— Activity —
Which lines below fall between the one containing "Zdiar - Bachledova Dolina freezing level" and the one containing "2015年南京秦淮区最新中小学学区房划分一览"? Repeat them exactly, counting both of those lines, and add nothing else.

— Data provided —
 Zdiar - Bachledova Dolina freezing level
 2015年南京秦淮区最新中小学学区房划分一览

...

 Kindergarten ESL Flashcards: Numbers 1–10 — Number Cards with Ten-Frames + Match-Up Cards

--

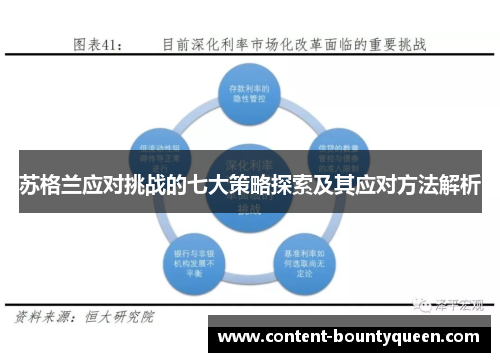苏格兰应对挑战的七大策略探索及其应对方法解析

— Output below —
 Zdiar - Bachledova Dolina freezing level
 2015年南京秦淮区最新中小学学区房划分一览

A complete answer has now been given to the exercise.